There is supposedly new accountability and transparency with a Black president and new technological capacity, through cell phone cameras exposing police violations. And yet, there is the concentrated one percent and condensed and concentrated power that curtails resistance and insurgency. The established borders of inside/outside that denote the notions of reform and revolution need reimagining. Even though her spirit remains with us, it would be wonderful if Audre Lorde were here to talk about the “masters tools.”
#Black Women/Trans/Gays Matter
The new slavery, the “newest new racism,” demands a more complex resistance because the problem is complexly layered and in contradictory fashion. Misogyny still masquerades within the anti-racist rhetoric. Rekia Boyd, Natasha McKenna, Yvette Smith, Miriam Carey, Shelly Frey, Darnisha Harris, and Tanisha Anderson are black women who have died at the hands of police. Yet, there are no marches in their name. No media coverage or anger/resistance/outcry. There is a silence about these deaths of young women. Yet twenty percent of unarmed Blacks killed in the last fifteen years by police are black women.
Their lives matter. Like the Combahee River Collective said all those years ago, in Boston during the serial killings and rapes of Black women — they died because they were women and black. Sexual violence and rape are the more usual forms of racist treatment of Black and brown women. Marissa Alexander was jailed for defending herself against an abusive husband, as are countless women in domestic abuse situations. And accused serial “rapist” police officer Daniel Holtzclaw has continued to escape the media limelight.
Black women are the fastest growing segment of the prison population. Black and Latina women are suspended from school at a higher rate than white women. They are also murdered and unemployed at higher rates. Without dealing with racism, misogyny stays in place, and without attacking misogyny racism marches on. Police violence, sexual violence, and domestic violence are implicated with each other, as are racism and misogyny in their different class configurations.

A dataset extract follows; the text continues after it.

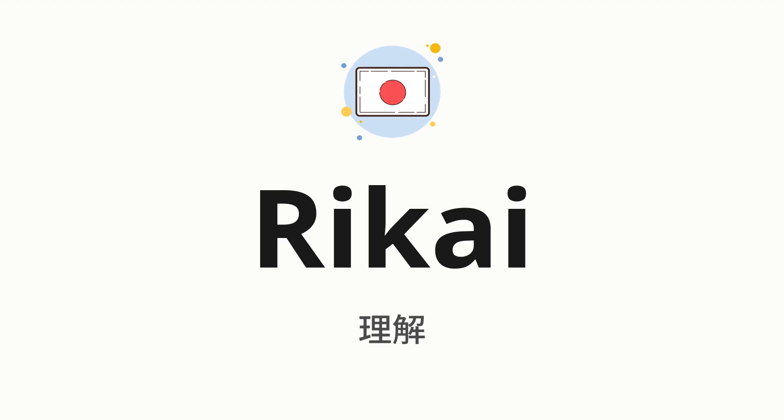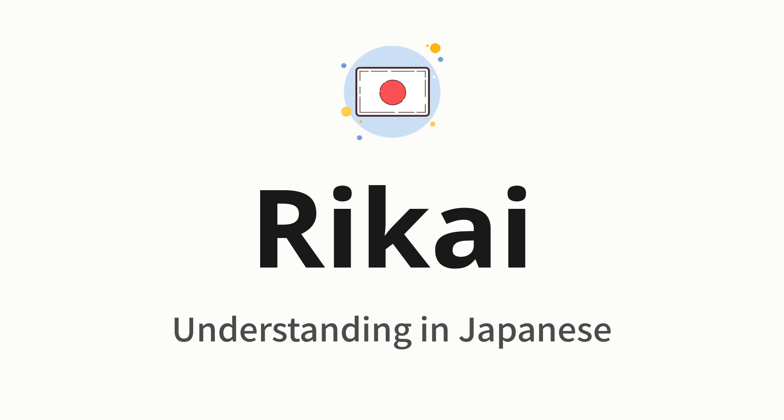Welcome to How to Pronounce. In today's video, we'll be focusing on a new word that you might find challenging or intriguing. So without further ado, let's dive into today's word, which means understanding in Japanese.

The Filtering of Race Through Gender…
The new resistance and organized movement(s) of Black men and women are more inclusive and radical than earlier leaderships in the 1960s and 1970s civil rights movement. This may in part be because racism itself has become more exposed in its complex forms. The leadership of Black Lives Matter, Million Hoodies, Hands Up United, Dream Defenders, etc. is staffed with people of all genders and sexual orientations.
I think it is especially important for white anti-racist feminists to have the backs of our Black and Brown sisters, especially in this moment. Kimberle Crenshaw and her leadership with the African American Policy Forum (AAPF) have been relentless in bringing an inclusive view of anti-racist work to include Black women. They have critiqued and re-imagined Obama’s initiative of “My Brothers Keeper” (MBK) to address the needs of Black and Brown girls of color as well as boys. Racism cannot be fully addressed with the exclusion of Black girls and women.

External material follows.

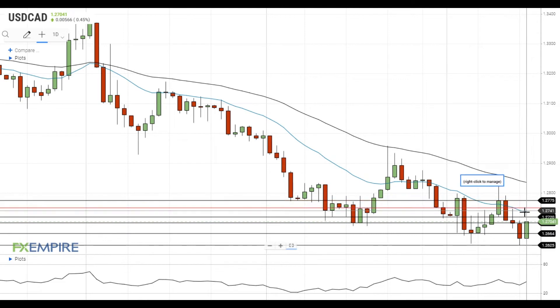On the support side, a move below 1.27 will open the way to the test of the next support at 1.2665, which is followed by the support at 1.2625.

Black women’s lives have been silenced when chattel slavery is described singularly as a racist system, rather than as intimately sexual as well. Chattel slavery was a racial and sexual system of exploitation, brutalization, and oppression. Slavery today remains implicated in both racism and misogyny. Its intimate “intersectional” relationship continues through new, more present forms. Patriarchy, for Black women may liken them to white women, as in less dangerous than Black men. But racism is not exclusive according to gender; it is filtered through it. If racism is to be fully addressed, a specific yet shared focus across male and female borders is needed.
So, “we”—white anti-racist feminists—must stand in support of our sisters of color against the brutalization of Black male bodies while also standing with them against their own invisibility. To keep Black women invisible is to assist the patriarchal and misogynist support systems of racism. White masculinity, militarism, and misogyny prop up racism.
Racism should not be allowed to make the sexism in/and/of racism silenced or ignored. To do so makes Black women invisible in both the practices and resistance to racism. As white anti-racist feminists, we must stand with our sisters of color exposing, not allowing, not “choosing” our own white privilege by being close, really close—in neighborhoods, schools, parks, restaurants—everywhere, to Black and Brown lives that always matter. And then to be ready to abolish racism and misogyny by redistributing white wealth through a (tax) system of reparations that will rebuild infrastructures of everyday life in communities of color.
So, I am not sure being an ally asks enough of us. It might not be getting close enough to our Black and Brown sisters, or our own whiteness.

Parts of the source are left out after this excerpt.